E-Commerce Text Classification

Overview

This project is a text classification model for categorizing e-commerce product descriptions into different categories such as Household, Books, Electronics, and Clothing & Accessories.

Table of Contents

Getting Started

Prerequisites

  • Python (3.x recommended)
  • Pip (Python package installer)

Installation

  1. Clone the repository:

    git clone https://github.com/your-username/e-commerce-text-classification.git
  2. Navigate to the project directory:

    cd e-commerce-text-classification
  3. Install dependencies:

    pip install -r requirements.txt

Usage

Running Locally

To run the Streamlit app locally:

streamlit run stream_app.py

This will start the app, and you can access it in your browser at http://localhost:8501.

Classifying Text

  1. Enter the text you want to classify in the provided text area.
  2. Click the "Classify" button.
  3. The app will display the predicted category for the entered text.

Model Details

The text classification model is trained using various algorithms, including Support Vector Classifier (SVC), k-Nearest Neighbors (KNN), Random Forest, and Multinomial Naive Bayes. Among these algorithms, the Support Vector Classifier performed well in terms of accuracy and generalization.

Training Data

The training data for the model is sourced from the Kaggle E-commerce Text dataset. This dataset contains product descriptions from various e-commerce categories.

Word to Vector Transformation

To convert words into numerical vectors, the TF-IDF (Term Frequency-Inverse Document Frequency) vectorizer is employed.
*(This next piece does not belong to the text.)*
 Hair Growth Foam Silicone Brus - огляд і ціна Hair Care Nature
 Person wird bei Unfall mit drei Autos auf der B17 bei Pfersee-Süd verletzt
TF-IDF is a widely used technique in natural language processing that reflects the importance of words in a document relative to a collection of documents.

The model is trained to categorize product descriptions into different classes, including Household, Books, Electronics, and Clothing & Accessories.

Contributing

If you would like to contribute to the project, please follow our Contribution Guidelines.

License

This project is licensed under the MIT License.